Several cities allow pool covers instead of fences. City Planner Sherri Buss said Forest Lake lets the building inspector make the judgment. Building Inspector Keith Wille, who also does this job for the city of Scandia, has said he is comfortable with pool covers provided they are automatic and meet ASTV standards. May and Grant Townships also allow pool owners to have an automatic cover instead of a fence.
After studying the issue, Buss said, the city of Stillwater decided to no longer allow just the pool cover, because the materials deteriorate over time. Woodbury and Hugo require a fence in addition to the pool cover.
The planning commission voted unanimously to bring the issue back to the next meeting, when they will have more data on key topics: Does the pool cover work only when there is electricity, or is there a manual back-up for use in power outages? Does water accumulate on top of the pool cover?
Chair Christine Maefsky said she was not comfortable removing the fence requirement. It might make more sense “to be more restrictive, to require both rather than to take away that fence,” she said.
If the planning commission decides to recommend changing the ordinance, there will be a public hearing.
In other action, the planning recommended amending a variance granted last summer.
So that Dawn Gillespie could divide a landlocked 40 acres into two 20-acre plots, the city had granted a variance for road frontage. The driveway that now connects the house to Olinda Trail would be shared by two lots. Included was the standard condition that the owner submit a preliminary plat.

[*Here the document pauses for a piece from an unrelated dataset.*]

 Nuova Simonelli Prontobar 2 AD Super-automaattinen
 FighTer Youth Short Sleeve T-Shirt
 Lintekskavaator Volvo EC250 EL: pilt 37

Her surveyor advised asking the city to amend the variance. The platting process includes wetland delineation, an expensive process, and if there is no buyer within three years, it must be repeated.
The planning commission agreed that platting is not necessary in this case. Instead, the lots can be created with a metes and bounds description.
Minnesota statute allows parcels of this size to be divided without platting.
The council will rule on the amendment at the April 16 meeting.
Also at the April 16 council meeting, the council is expected to choose a fifth planning commission member to replace Tom Krinke, whose term expired in January. The planning commission interviewed the three candidates on Wednesday, April 3.